Publications

To what extent have immigrants contributed to the growth of the United States arts sector? In this paper, we explore the impact of immigration during the Age of Mass Migration on the development of the arts in the U.S. over the past century. In the short run, our results suggest that immigration helped produce greater numbers of native artists. Over a century later, the benefits to the arts persist. Counties with greater historical immigration house more arts businesses and nonprofit organizations that generate more revenue, employ a larger proportion of the community, and earn more federal arts grants. When considering potential mechanisms, our analysis suggests that greater interaction between the aggregate immigrant population and natives led to increased exposure to new arts experiences and ideas, creating arts markets that persisted in the long run. This channel is further supported by positive links between the presence of immigrants from certain countries of origin and the growth of art forms popular in those countries, and evidence of long-run benefits to the arts that cannot be attributed to higher income in a causal mediation analysis. Altogether, our results highlight the important role that immigrants played in the development of the arts in America.

Working paper

How does pay-for-performance (P4P) impact productivity and the composition of workers in mission-oriented jobs when output has multiple dimensions? This is a central issue in the public sector, particularly in areas such as education and healthcare. We conduct an experiment, manipulating compensation and mission, to answer these questions. We find that P4P has significantly smaller positive effects on productivity on the incentivized (quantity) dimension in the mission-oriented setting relative to the non-mission-oriented setting. On the other hand, P4P generates no loss in performance on the non-incentivized (quality) dimension of effort in the mission-oriented setting, whereas it does so in the non-mission-oriented setting. In both mission and non-mission settings, P4P attracts higher ability workers, but it does so at the expense of attracting more motivated workers in the mission setting.

Working paper

Working Papers

Publicly announcing how much individuals donate on behalf of themselves is a common fundraising strategy. For tribute gifts made on behalf of others, however, many charities only reveal donor identities to the honoree with few revealing the size of their contributions. This paper examines the fundraising consequences of recognizing donors with and without information about donation amounts when notifying honorees of gifts made on their behalf.

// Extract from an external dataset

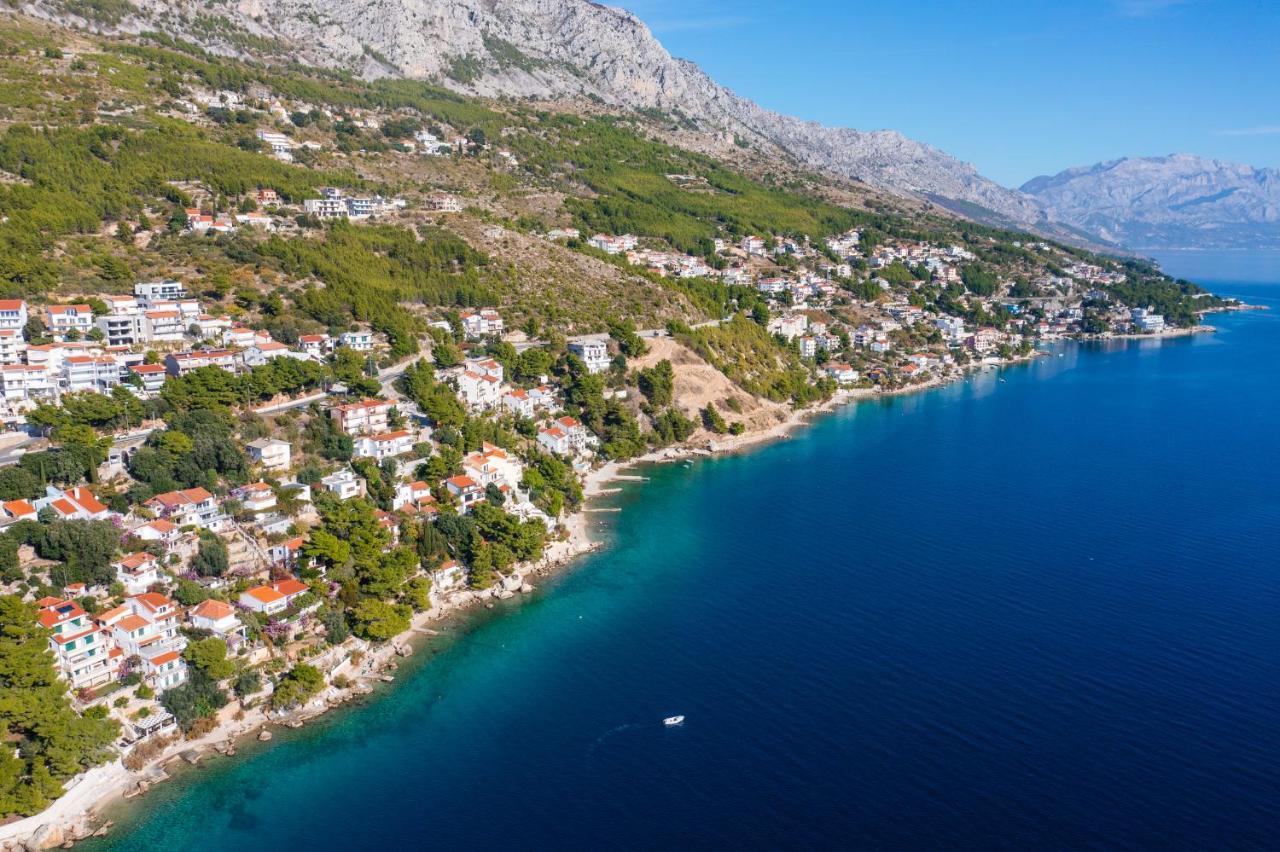 Villa Horizon Stanici Экстерьер фото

I find that revealing contribution amounts in addition to recognizing donors benefits fundraisers. I find that both the likelihood of giving and size of contributions made on behalf of others increase when honorees learn how much donors give. Results from a survey with fundraising professionals show that practitioners believe revealing the size of these gifts may be repugnant, and overestimate the share of donors who prefer to keep gift amounts private. Holding these inaccurate beliefs may lead fundraisers to leave tribute donations on the table.

To assess the threat of experimenter demand, we ask whether a hypothetical 'ill-intentioned' researcher can manipulate inference. Four classic behavioral comparative statics are evaluated, and the potential for false inference is gauged by differentially applying strong positive and negative experimenter demand across the relevant decision pair. Evaluating three different subject pools (laboratory, Prolific, and MTurk) we find no evidence of experimenter demand eliminating or reversing directional effects. The response to experimenter demand is very limited for all three subject pools and is not large enough to generate false negatives, though we do find evidence of false positives when testing precise nulls  in larger online-subject pools.

Online Appendix

Formerly circulated as, "Simon Doesn't Say: Minimal Qualitative Distortions from Experimenter Demand"

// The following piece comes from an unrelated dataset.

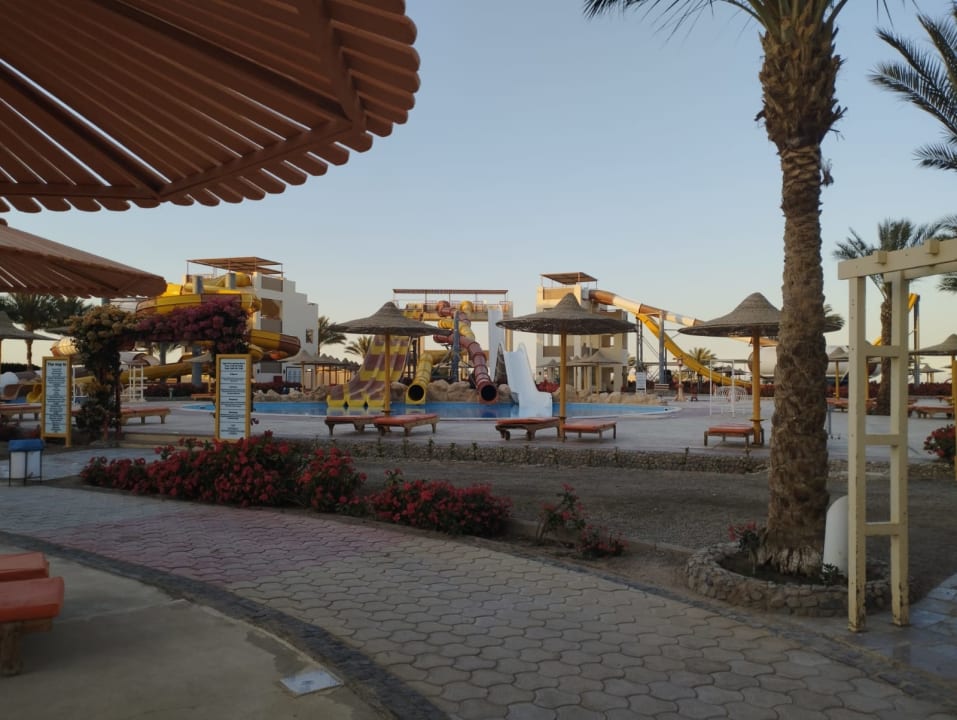 Sport & Freizeit El Karma Aqua Beach Resort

Excuse-seeking behavior that facilitates replacing altruistic choices with self- interested ones has been documented in several domains. In a laboratory study, we replicate three leading papers on this topic: Dana et al. (2007), and the use of information avoidance; Exley (2015), and the use of differential risk preferences; and Di Tella et al. (2015), and the use of motivated beliefs. The replications were conducted as part of a graduate course, attempting to embed one answer to the growing call for experimental replications within the pedagogic process. We fully replicate the simpler Dana et al. paper, and broadly replicate the core findings for the other two projects, though with reduced effect sizes and a failure to replicate on some secondary measures. Finally, we attempt to connect behaviors to facilitate the understanding of how each fit within the broader literature. However, we find no connections across domains.

Charitable giving can boost an individual’s image, and organizations can capitalize on this by engaging in "image-fundraising." Public announcements of donations give individuals the opportunity to demonstrate their generosity and are found to increase giving. This paper evaluates whether generosity inferred from charitable giving is discounted when donations are made in response to image-fundraising. I show in an experimental study that others reward larger donations, and that image-fundraising increases giving. However, others account for the conditions under which donations are made and reduce rewards for giving in an image-fundraising environment. While image-fundraising benefits charitable organizations, individuals are not recompensed for donating more in this setting.